→ **The task**
Exactly as they stand, repeat the lines from the one containing "Escombros de uno" through the final line of the listing, both ends included, and nothing else; skip the pictures.
*** Collected data ***
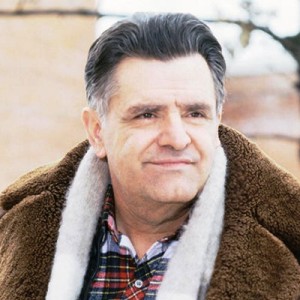 Фазиль Искандер. «Причина Бога» (стихи) (к 10-летней годовщине со дня смерти писателя)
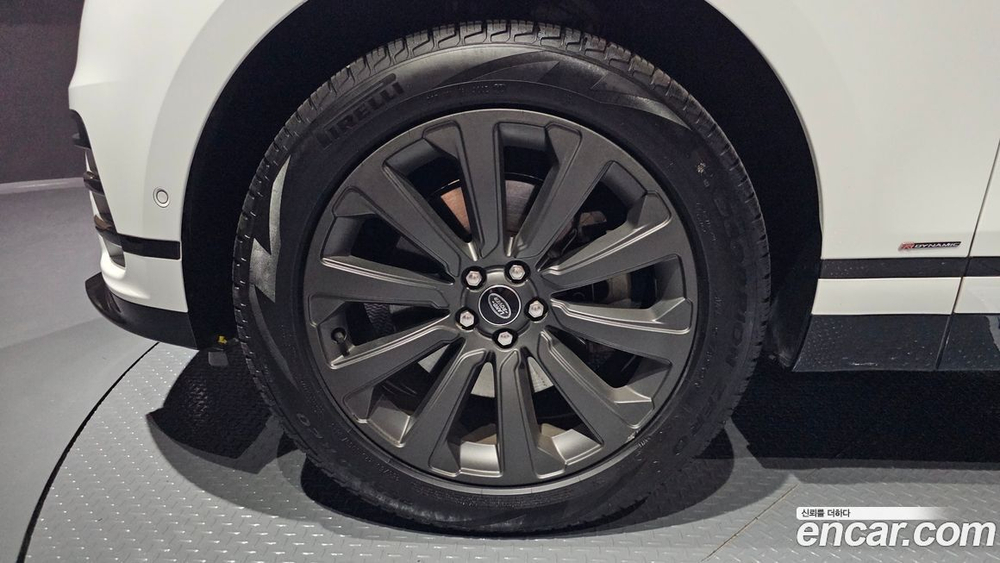 Land Rover Range Rover Bella 2.0 P250 R-Dynamic SE (12.2021)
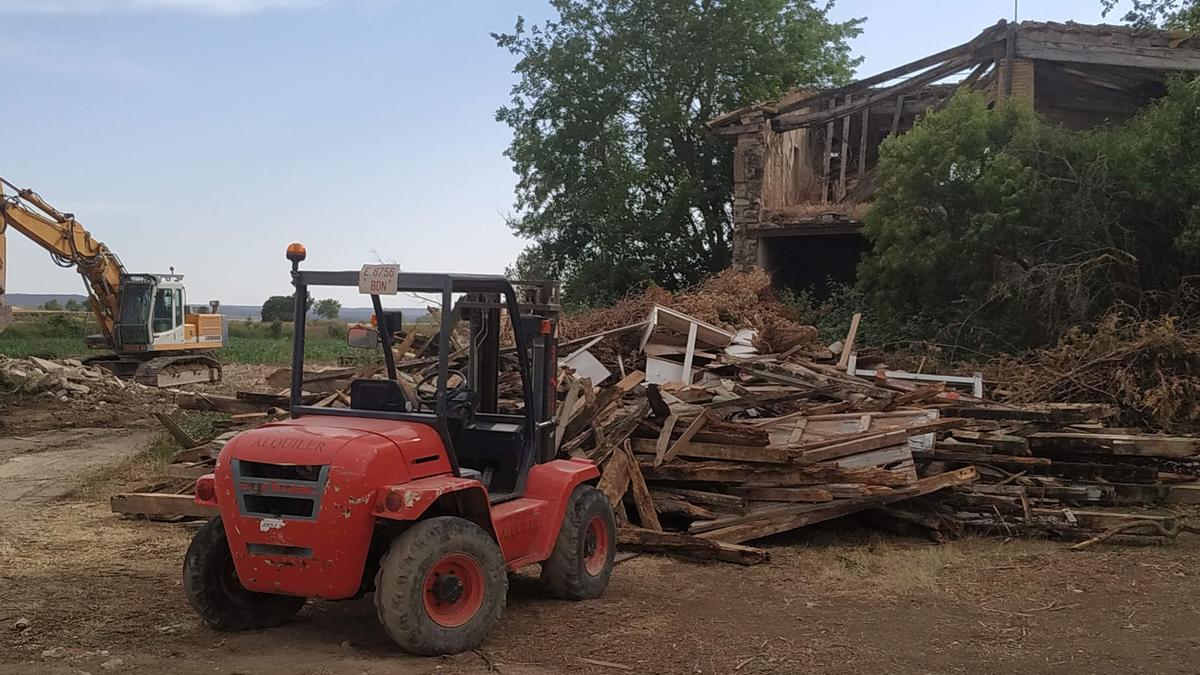 Escombros de uno de los edificios derruidos en la Granja de Almudévar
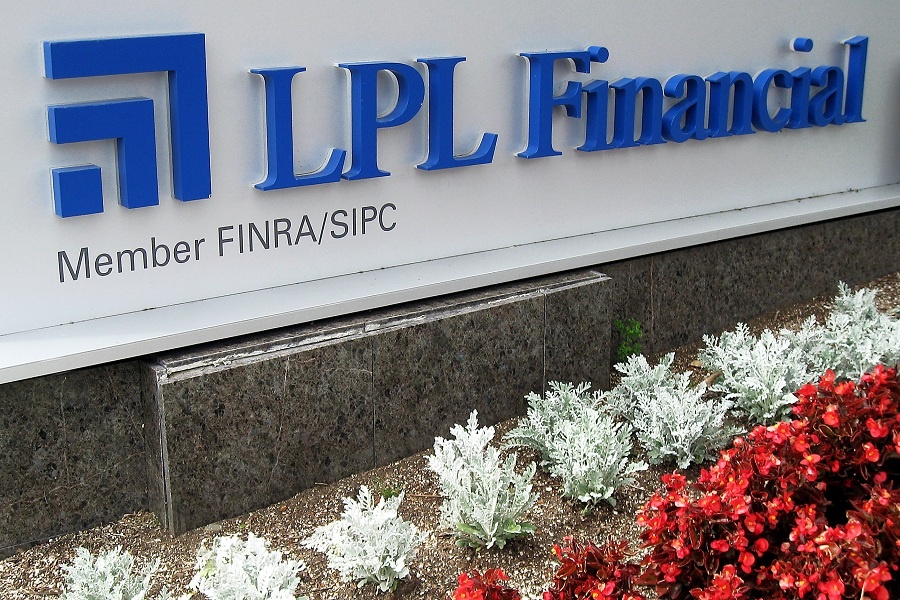 LPL's Arnold eyes 'opportunity' created by Schwab integration of TD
*** End of Collected data ***
→ **Answer section**
 Escombros de uno de los edificios derruidos en la Granja de Almudévar
 LPL's Arnold eyes 'opportunity' created by Schwab integration of TD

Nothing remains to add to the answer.